Une fresque d’huile figée dans une boîte à musique cassée
Visuellement, Conquistadorio impose un style graphique totalement singulier, entre peinture naïve et cauchemar animé. Chaque écran semble sorti d’un livre d’illustration oublié, avec des textures sales, des formes disproportionnées, des couleurs éteintes comme passées à la cendre. Les environnements sont faits de bois pourri, de cuir tendu, de tissus délavés : une matérialité presque tactile, jamais décorative.
L’animation, volontairement lente et hachée, accentue la dimension artisanale de l’ensemble. Les personnages se déplacent comme des marionnettes abîmées, avec une inertie dérangeante, des membres raides, des regards vides. Rien ne cherche la fluidité. Tout semble filmé image par image par un esprit fatigué.
Chaque pièce du jeu fonctionne comme un tableau autonome : une horloge vivante, un mur de viande, un autel de bois, un théâtre miniature. Il n’y a pas de transition fluide entre les zones. On saute de l’une à l’autre comme on tournerait des pages illogiques. Ce montage haché, combiné à une cohérence chromatique remarquable, donne à l’ensemble une force visuelle immédiatement reconnaissable, presque muséale.
Sur Nintendo Switch, le portage conserve toute cette matière sans perte de lisibilité. En mode portable, l’image reste nette, l’interface invisible. Aucun ralentissement, aucun bug d’affichage : la structure figée du jeu favorise une stabilité technique parfaite, même sur un hardware limité.

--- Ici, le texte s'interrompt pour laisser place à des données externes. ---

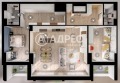 Продава 3-СТАЕН, град София, Дружба 1 • 470400 € • 50049614 3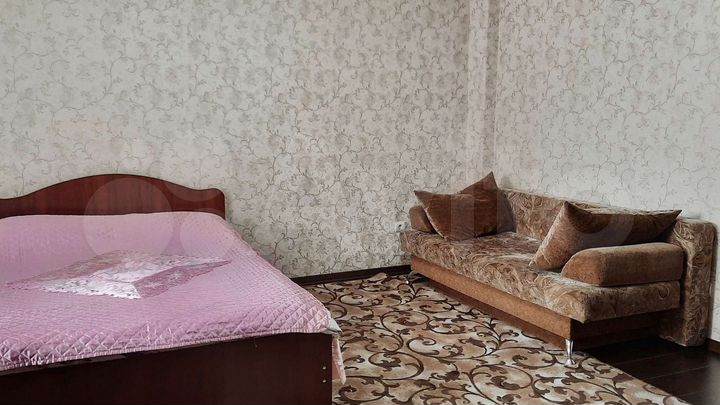 1-к. квартира, 44 м², 3/3 эт.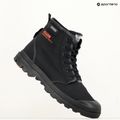 Palladium Pampa Lite+ Hi černé boty 10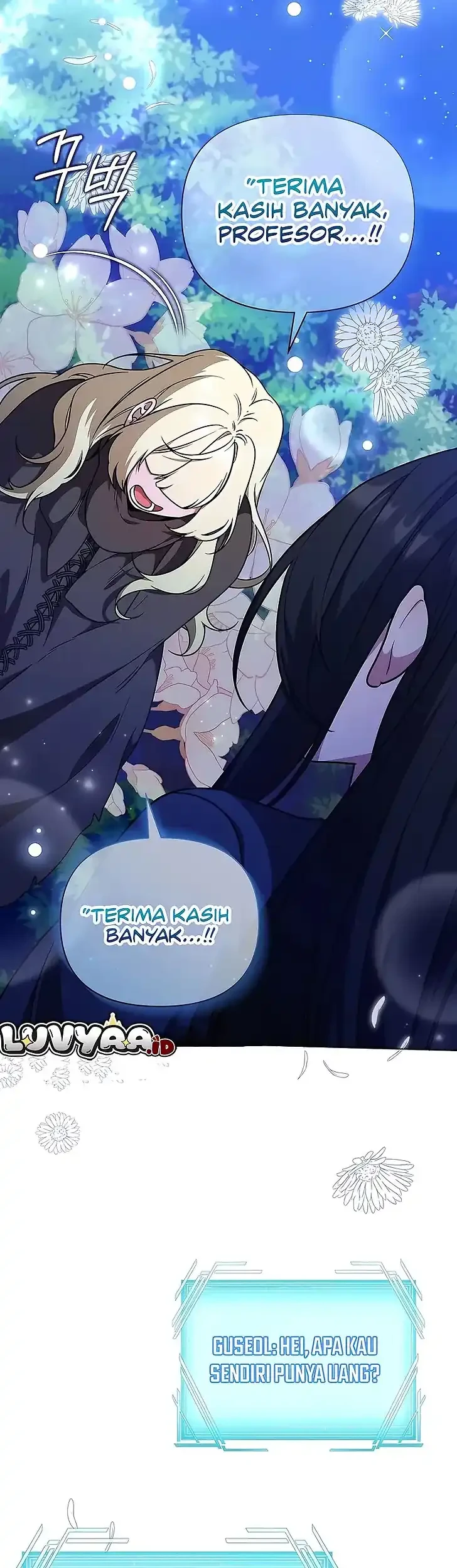 Defective Reincarnator Becomes The Ultimate Teacher Chapter 29 - halaman 16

Côté sonore, Conquistadorio est une perle de malaise. Pas de musique orchestrale, pas de thème récurrent. Chaque pièce a son ambiance : un grincement de métal, un souffle d’orgue, un clapotis sale, une respiration étouffée. Le mixage est sec, brut, sans écho. Chaque son semble enregistré dans une pièce fermée, puis réinjecté sans traitement.
Les actions déclenchent parfois des bribes de mélodies – souvent dissonantes, incomplètes, presque humiliantes dans leur brièveté. Pas de voix. Pas de mots. Juste des bruits de théâtre cassé, où chaque clic devient une percussion primitive.
Le jeu ne cherche pas à séduire. Il cherche à troubler. Et visuellement comme auditivement, il y parvient avec une maîtrise rare.